Savannah Jones, a high school senior from Chicago, received an email on the afternoon of April 5 from the Emory Office of Admission congratulating her on her acceptance to the College and inviting her to an admitted students event as part of the Choose Emory campaign.
Jones immediately called her mom to express how excited she was that she had been admitted to her top choice school. However, upon checking OPUS, she noticed her status on the waitlist had not changed.
Jones was one of approximately 350 wait-listed students who wrongly received the invitation to accepted student events.
The Office of Admission accidentally sent out an email to multiple wait-listed students inviting them to attend various “Choose Emory” admitted student receptions across the country, according to Daniel Creasy, the director of communications in the Office of Admission.
The email error affected less than two percent of the overall applicant pool, Creasy said.

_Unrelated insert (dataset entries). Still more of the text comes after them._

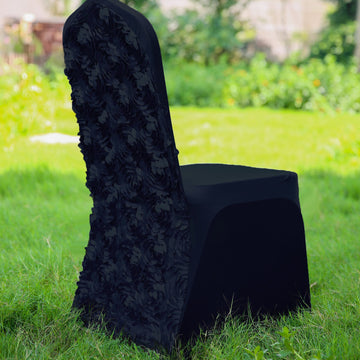 Elegant Black Satin Rosette Spandex Stretch Banquet Chair Cover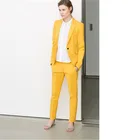 Желтый формальный одна кнопка для женщин повседневные офисные Повседневная обувь Костюмы Высокое школьная форма на заказ из 2 предметов деловой смокинг костюмы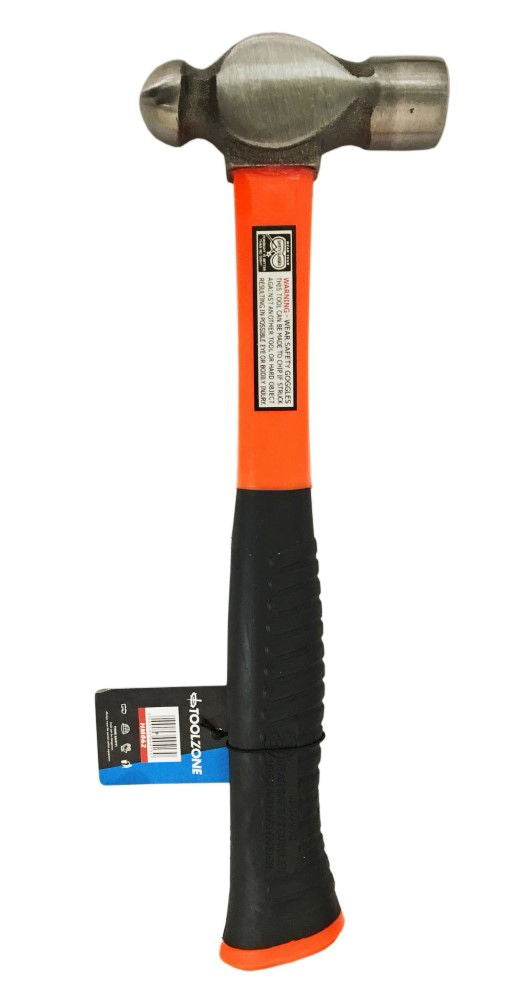 BALL PEIN HAMMER 16oz 70% FIBRE HANDLE ORANGE 330mm - TOOLZONE KDPHM062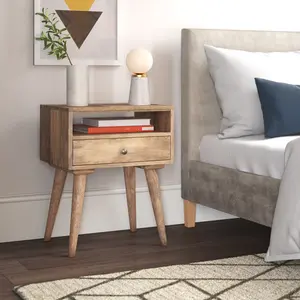 Emme 1 Drawer Solid Wood Bedside Table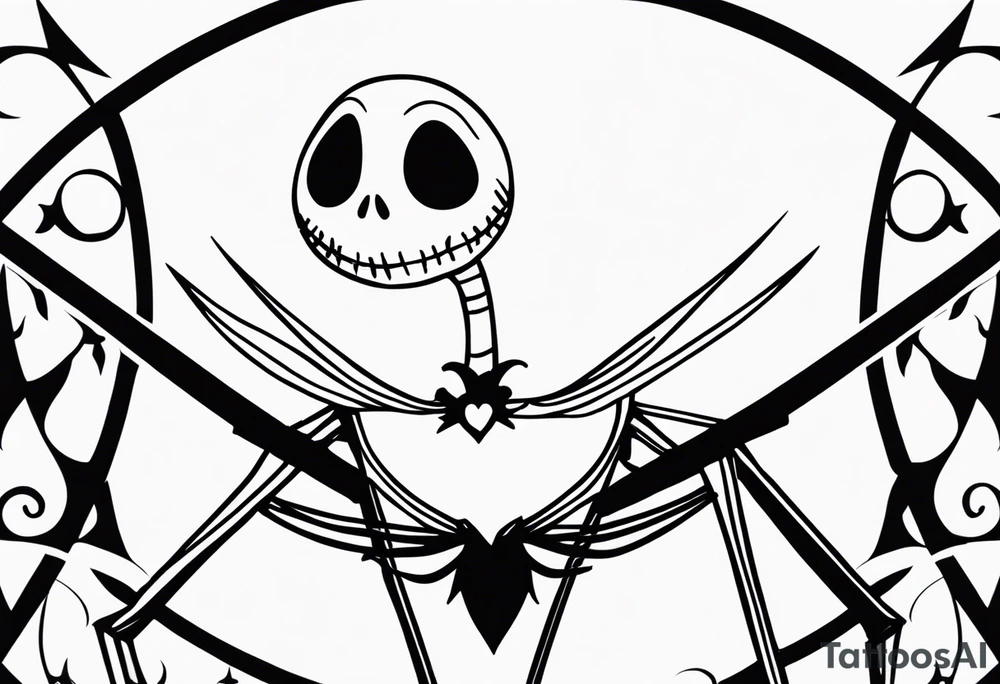 jack skellington minimalist tattoo tattoo idea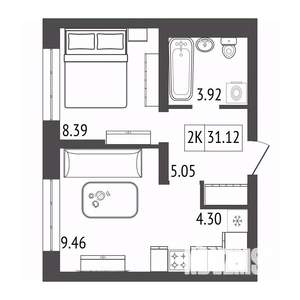 2-к квартира, строящийся дом, 31м2, 11/17 этаж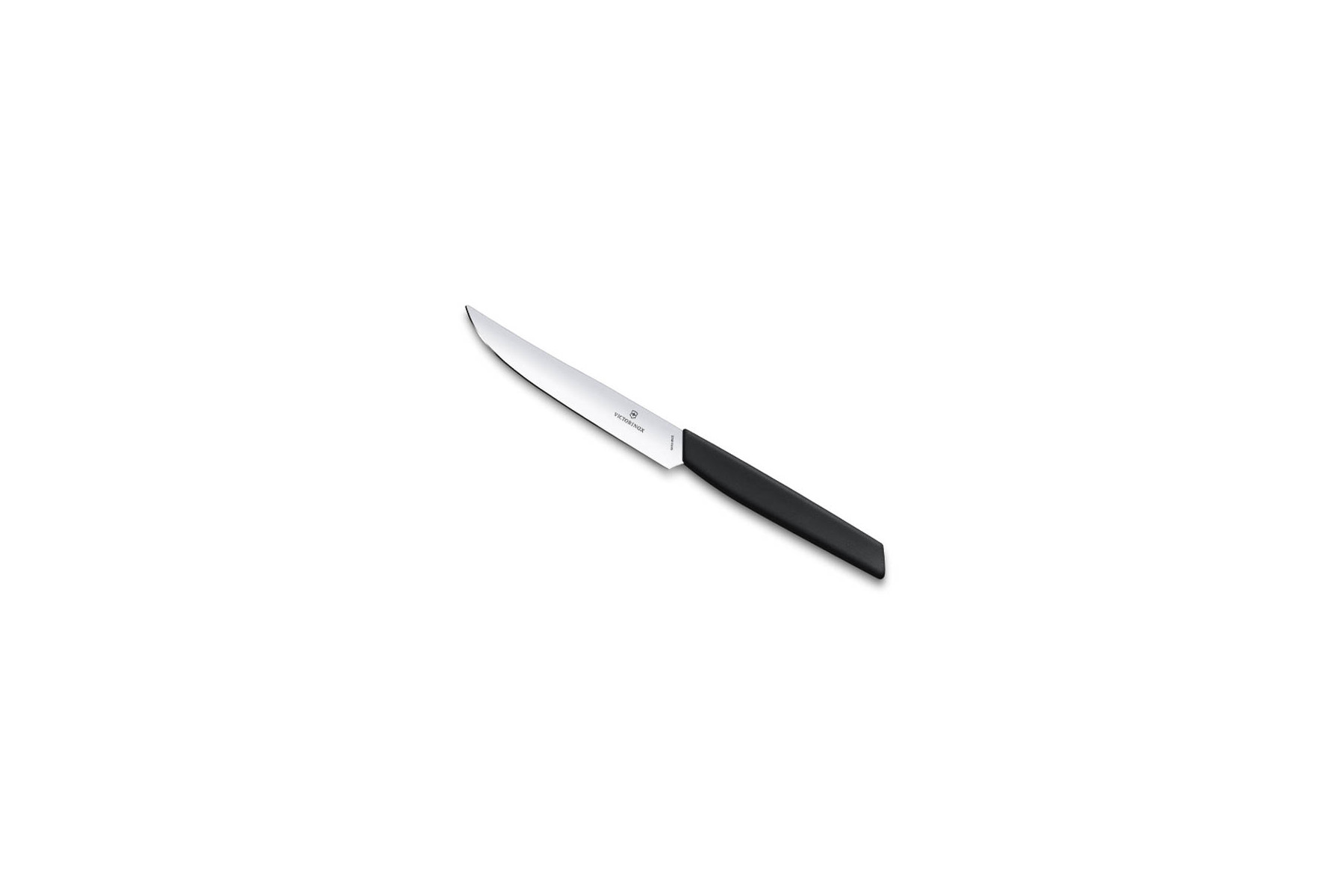 Couteau à steak Victorinox Swiss Modern lame lisse 12 cm - manche noir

This amounts to about 350 students.
“These invites were sent to admitted students in these four regions, but unfortunately, due to a technical glitch, the invite was also received by a small number of wait-listed students,” Creasy wrote in an email to the Wheel.
The first email was sent to students around 4 p.m. on April 5.
The beginning of the email, which was forwarded to the Wheel by Jones, read: “Congratulations once again on your admission to Emory University! Out of a record applicant pool, we’ve chosen YOU to join the Class of 2017 because of your involvement in your school and community, stellar academic accomplishments, and potential to impact our campus.”
The Office of Admission sent out a clarification and apology to those not admitted following the initial email six hours later.
The apology email read: “On behalf of Emory University, I would like to apologize for the email you received earlier today inviting you to our Choose Emory admitted student events. This message was intended for admitted students only, but unfortunately, due to a technical oversight, an additional group of applicants also received the message.”
Jones explained that she was very confused by the offer and that she was initially upset by the accident.
Emory admissions counselors received a few follow-up phone calls from students who had received the email, but the situation was then clarified, according to Creasy.
“All systems have glitches, but that is damaging emotionally especially for someone who is dead set on Emory and didn’t get in in the first place,” Jones said.